“Limonov”, di Emmanuel Carrère, Adelphi 2012
“Limonov” di Emmanuel Carrère (Adelphi 2012, P.O.L. Parigi 211). Un romanzo-biografia sul controverso “avventuriero-poeta underground” russo/ucraino Eduard Limonov riscritto a partire dai testi dello stesso Limonov, da una lunga anche intermittente consuetudine tra i due autori (New York, Parigi, Mosca) completata da sessioni di interviste e consacrata dalle congratulazioni del “maudit” slavo all’intellettuale borghese parigino (Carrère è figlio della storica e politologa dell’Unione Sovietica – e della sua dissoluzione – Helene Carrère d’Encausse): “… ti auguro per il tuo bene di finire male…”.
In verità è difficile capire quale dei due ha favorito l’altro: Limonov ha visto nel libro il riconoscimento oggettivo di essere – e di essere stato nell’ultimo trentennio – “qualcuno” (di fatto l’unico suo obiettivo dopo le origini e i ricorrenti periodi trascorsi da “looser”, perdente), mentre Carrère è emerso con forza (e un po’ di pedante buonsenso) dalla condizione di scrittore radicato nello spirito “Rive Gauche e dei “bcbg”, i “nati bene” in una dimensione cosmopolita assai attuale.
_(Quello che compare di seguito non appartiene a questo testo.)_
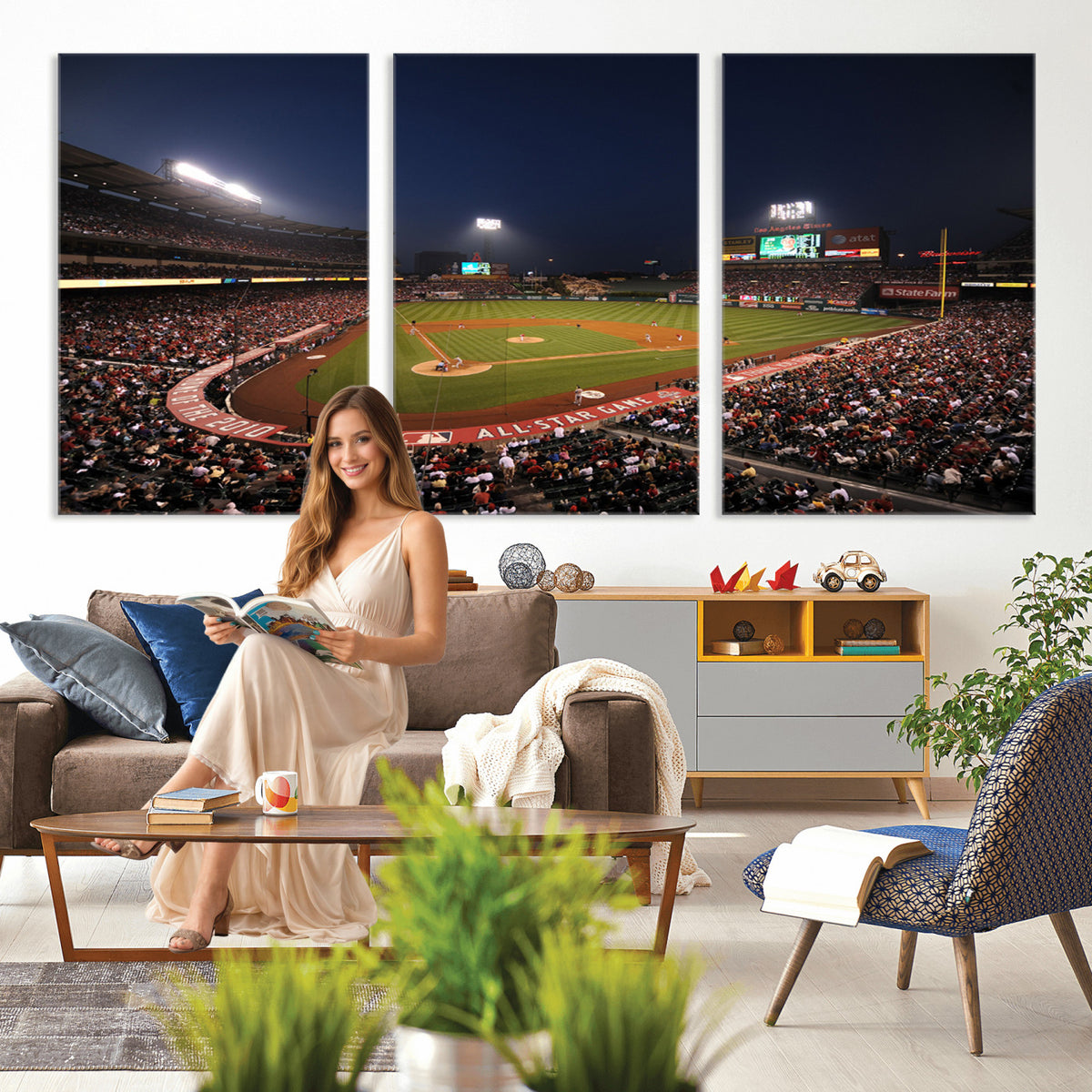 88896-MGV-CV-36X24 - Los Angeles Angels Baseball Team Print, Anaheim Angel Stadium Wall Art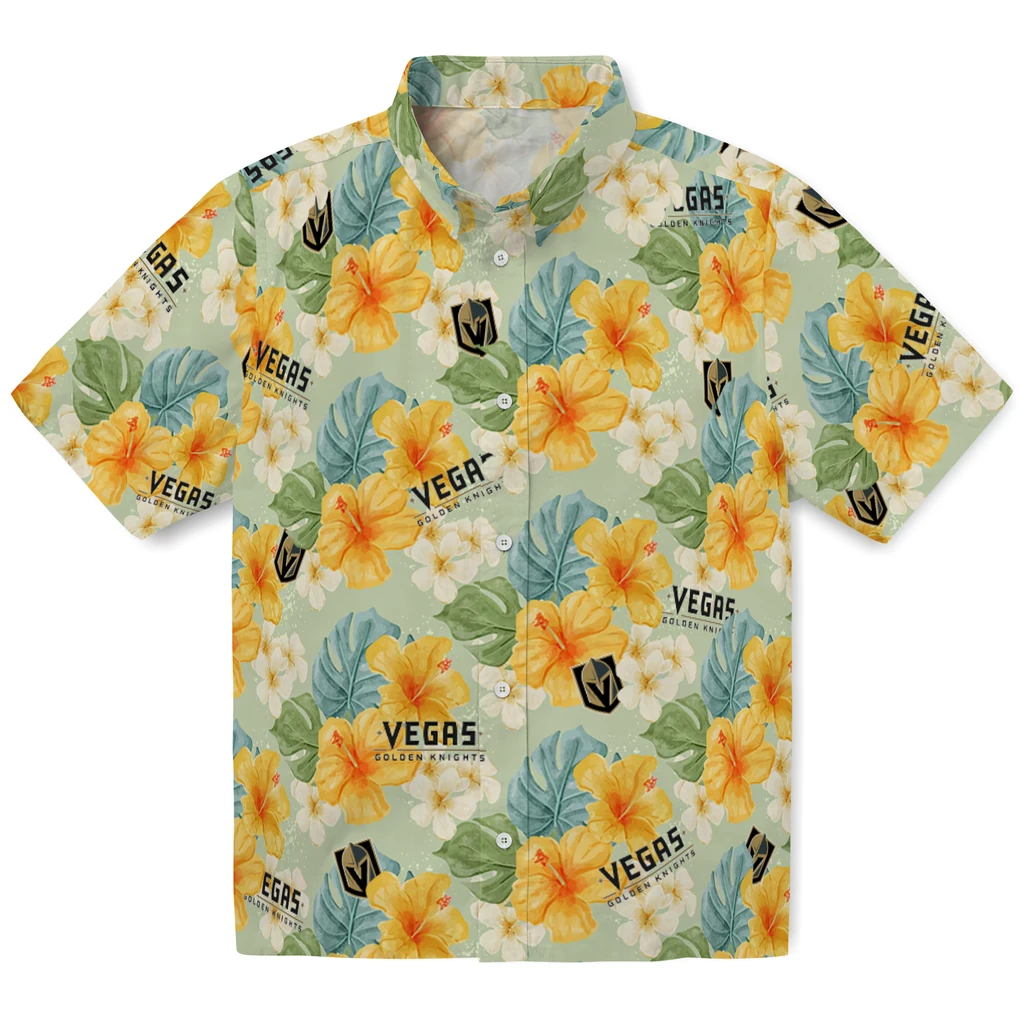 Vegas Golden Knights Hawaiian Shirt - Hibiscus Mood vegas golden knights hibiscus mood pale lime yellow hawaiian shirts best selling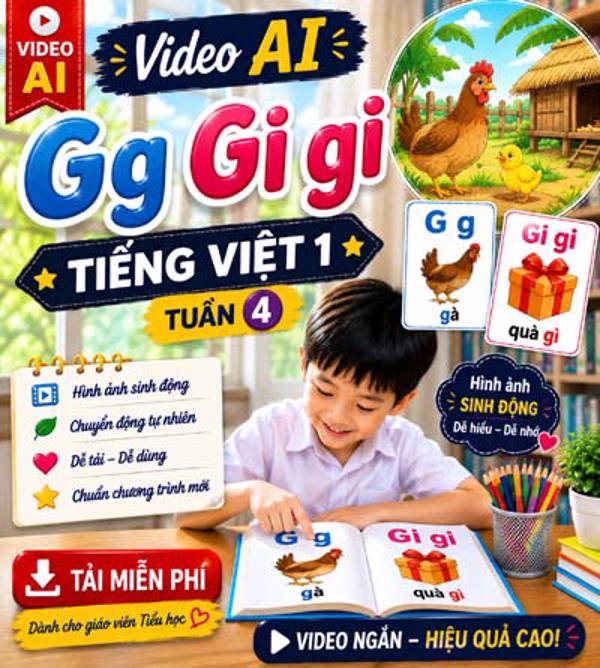 Video AI giới thiệu bài G g Gi gi - Tiếng Việt 1 tuần 4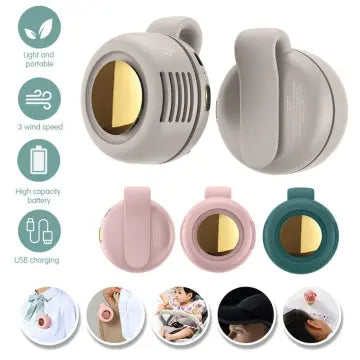 Mini Clip-On Portable Fan Portable Bladeless  – USB Rechargeable, 900mAh Battery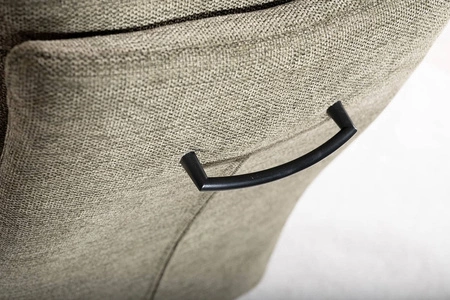 Krzesło tapicerowane Berry beżowe nowoczesne oraz funkcjonalne krzesło do jadalni z metalowymi płozami krzesło z uchwytem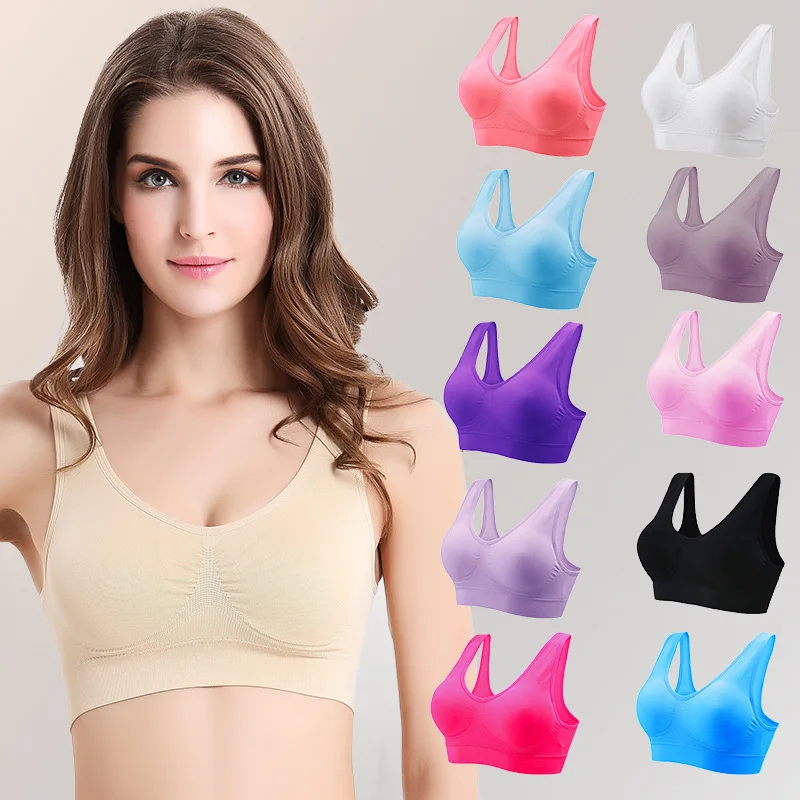 

Women Seamless Sleep Bra with Removable Pads Activity Gym Sports Wear Plus Size Yoga Bra Underwear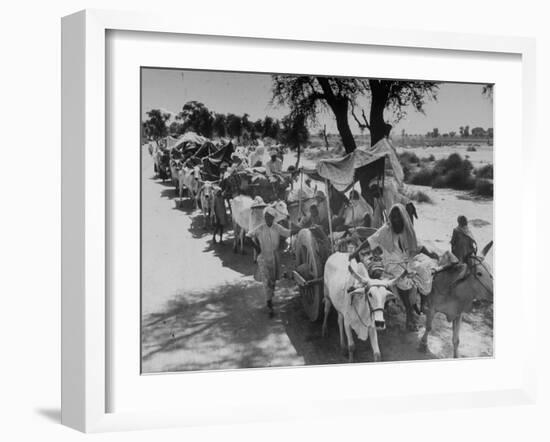 Convoy of Muslims Migrating from the Sikh State of Faridkot after the Division of India-Margaret Bourke-White-Framed Photographic Print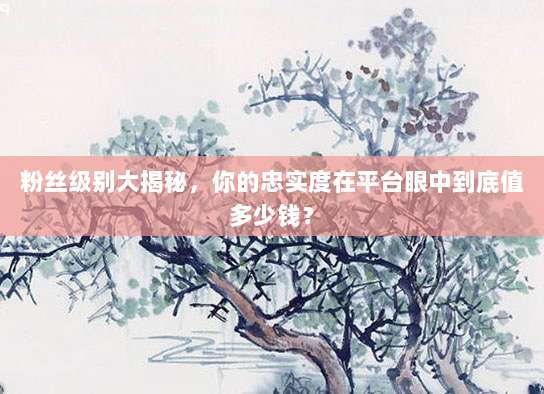 粉丝级别大揭秘，你的忠实度在平台眼中到底值多少钱？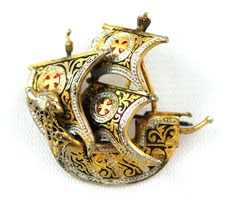 Vintage Damascene Ship Brooch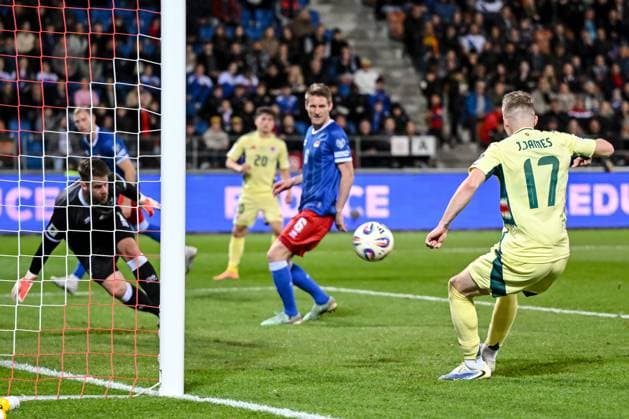 Jordan James (Wales) scores his team s first goal during the FIFA World Cup, WM, Weltmeisterschaft, Fussball 2026 qualifier match between Liechtenstein and Wales at Rheinpark Stadion on November 15, 2025 in Vaduz, Liechtenstein. (Photo by Harry Langer DeFodi Images)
E qui (oltre che in una scrittura sempre piacevole e sempre diretta) sta il fascino di “Limonov”: una storia dei nostri tempi con al centro un uomo vero a dimensioni vere con ogni genere di ambiguità ma anche di grande forza interiore: canaglia giovanile ma di buon cuore, poeta da strapazzo, saccente ma timido, seduttore affamato di donne ma all’occorrenza omosessuale nei parchi di Manhattan, un po’ fascista, ma anche rivoluzionario e così via.
C’è anche molto dell’“anima russa” (e del post 1989), ma soprattutto un po’ di aria (paradossalmente) “pura”. Un soffio vitale per lettori (soprattutto giovani) afflitti dal clima piccino piccino che avvolge l’Europa (soprattutto) di oggi.